So, do you think I was able to keep my promise to myself? That I stuck to my plan to ignore the city's museums, that I didn't walk around to see the sights? Did I just sit on my ass and EAT?

I tried. I pulled my chair on to our tiny balcony at Hotel Nueva Antequera, a lovely colonial building right off the best plaza in town - Plaza Zocalo - propped up my feet, and sipped my cup of coffee while I watched people.


At 9 a.m. I'm in a sundress. It's that warm. Not so for the locals - they're all in ski jackets and jeans. How can that be?


A blind man navigated from the plaza with his stick, up our street, then did a u-turn, ending where he started. He reminded me of us. Lost, every minute of every day.


It's strange coming from Orizaba where we were the only white people. Here, there are tons. Young ones with backpacks, their eyes trying to see everything at once. I wonder if they're blown away with what they're seeing like I'd been on my first trip. I hope so. First trips are magical. Then there are the middle aged ones, like Aaron and I, a bit more jaded looking. No, damn, we're NOT middle aged anymore. We're frickin' SENIORS now! Though I don't know how the heck we became part of this grey-haired, waddling group that passes below. So quickly? It's crap, that's what that is!


No, old people can be beautiful. I watched an old indigenous couple cross the street, each as short as the other. He wore a felt hat over his still-black hair and carried a homespun bag over his shoulder. She was dressed in traditional clothes that, I'm sure, her great, great grandmother wore hundreds of years ago. A turquoise dress and a purple apron with a thousand pleats, puffed sleeves from which her strong brown arms emerged, thick feet encased in sturdy black shoes, and an impressively long, grey braid down her back.


I love this picture. Though I stole it, snapping a shot from a photo in a gallery I visited. It captured the beautiful old indian women who sat on corners throughout the city selling their homespun wares.


Every night, Plaza Zocalo lured us out of our hotel. So fun and colourful, filled with shoe shiners polishing boots, and vendors selling cotton candy and balloons, the latter surrounded by clamoring kids and parents digging in their pockets.


I called over a tiny indigenous mama with her even tinier daughter, both in identical outfits. Can I see your shawls, I asked? I bought one with deep reds and oranges, interwoven with golden threads. The crow in me couldn't withstand the shiny thing. Beautiful. For 120 pesos ($8). Wish I'd bought more.



A young blind woman at the corner of the plaza, sang pretty but off-tune melodies. People passed and dropped coins in her cup. A five-man band climbed on to the gazebo in the centre of the plaza and began tuning their guitars. Aaron and I hurriedly grabbed a couple chairs. For an hour, the men played intricate, traditional ballads. The crowd called out favourites and sang along when they were played.


I glanced at the young blind woman, now drowned out by the band. How would she fill her plastic cup tonight, I wondered?

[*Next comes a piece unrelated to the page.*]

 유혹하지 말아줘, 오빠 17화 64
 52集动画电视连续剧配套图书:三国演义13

Oaxaca is filled with both beauty and ugliness. The wide boulevards, the towering cathedrals, galleries upon galleries with spectacular art.


So much gorgeous art I can't buy. Some that makes me laugh hysterically.

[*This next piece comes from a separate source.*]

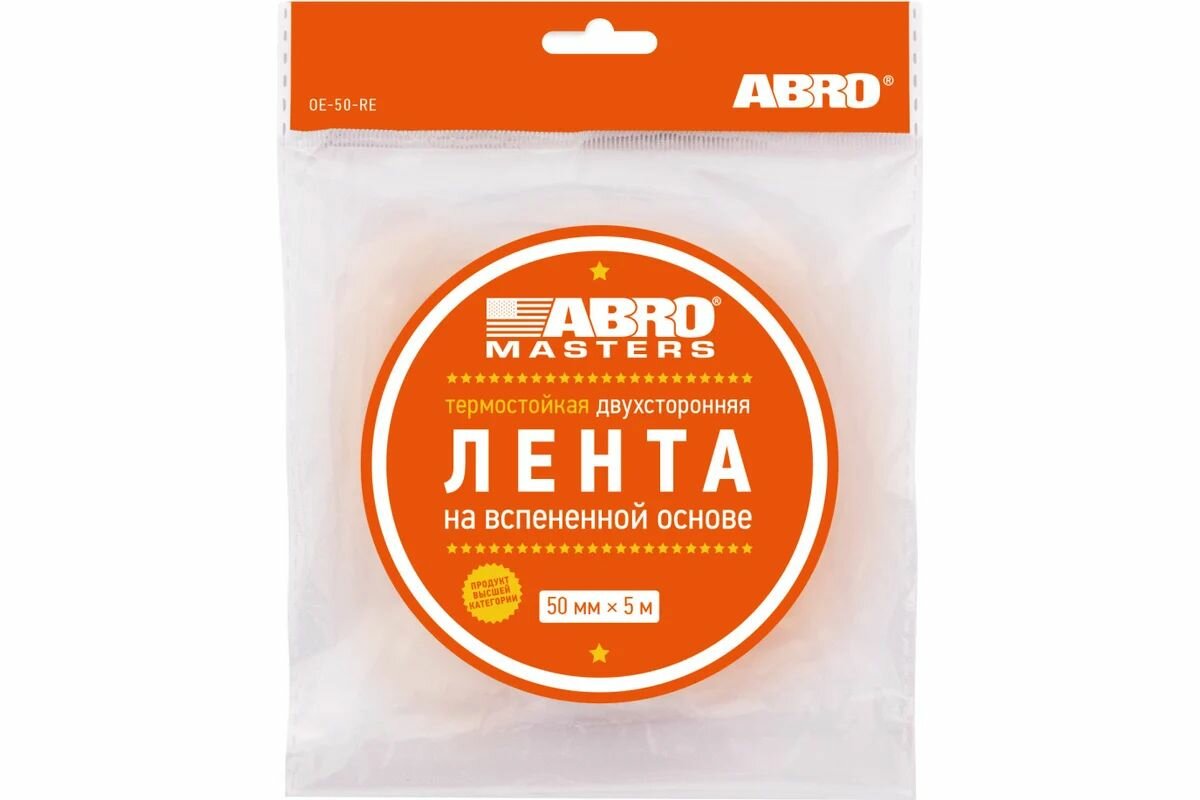 Двухсторонняя клейкая лента термостойкая Abro 50 мм х 5 м белый OE-50mm-5M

But woven among that beauty, like hemp threads within silk, is so much poverty.


In the historical centre, where the beauty of the architecture made the ugliness stand out, we watched an old man, a grizzled beard curling down his chest, ripped, dirty clothes hanging off his skinny body, root in a garbage can and slurp down the dregs of a leftover drink. A sad young man with beautiful eyes whose leg was is one big abscess, some horrible skin disease. Skin and bones women, clothes hanging on their barely-there bodies, young or old, I can't tell, their faces wizened before their time. A teenage indigenous girl, sitting on a sidewalk, her month-old baby beside her. It was heartbreaking.

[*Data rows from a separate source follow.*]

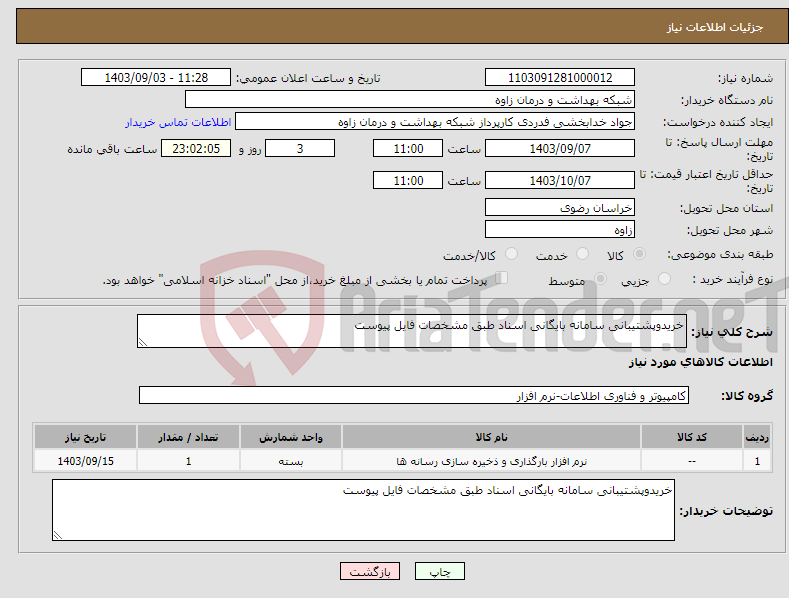 تصویر کوچک آگهی نیاز انتخاب تامین کننده-خریدوپشتیبانی سامانه بایگانی اسناد طبق مشخصات فایل پیوست
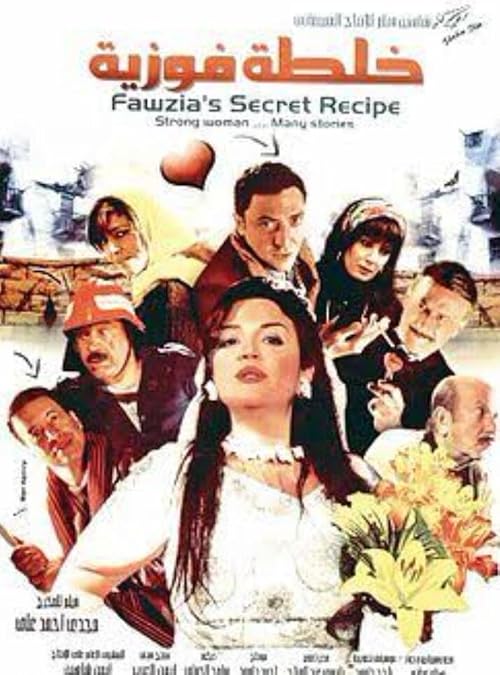 Fawzeya's Secret Recipe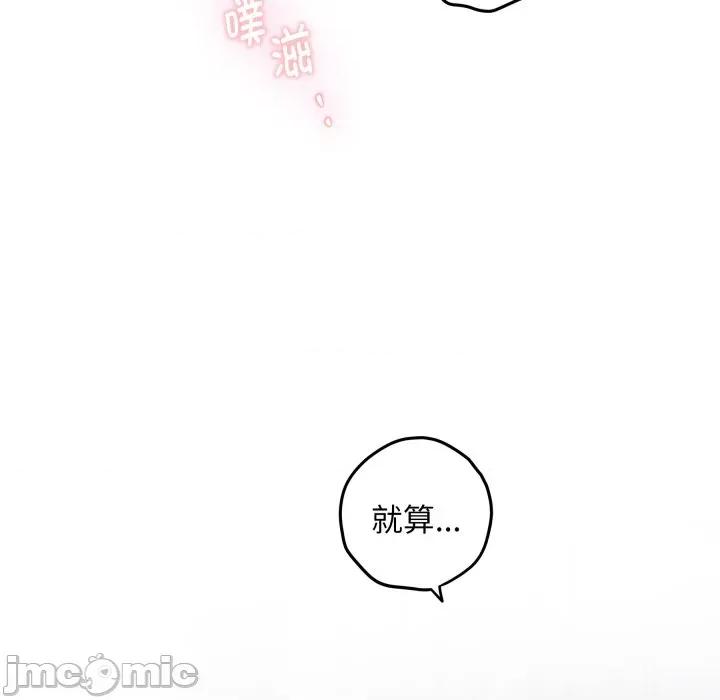 快乐之神 极乐之神-极乐之神 第47话 第80页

On the other end of town, where the poverty was less an anomoly than simply 'the norm,' Oaxaca looked like a different woman. Not pretty and polished like the historical centre, but, rather, busy, crowded, and stinking of diesel. Not a speck of silence here, honking horns, bellowing vendors, rattling buses that belched smoke.


Food Adventures:

Shops upon shops crowding the sidewalks, crammed with goods: t-shirts, shoes, junk. Vendors selling plastic glasses of watermelon and pineapple and coconut. Baskets of grasshoppers at one corner; huge slabs of dried pork rind (chicharrone) at another.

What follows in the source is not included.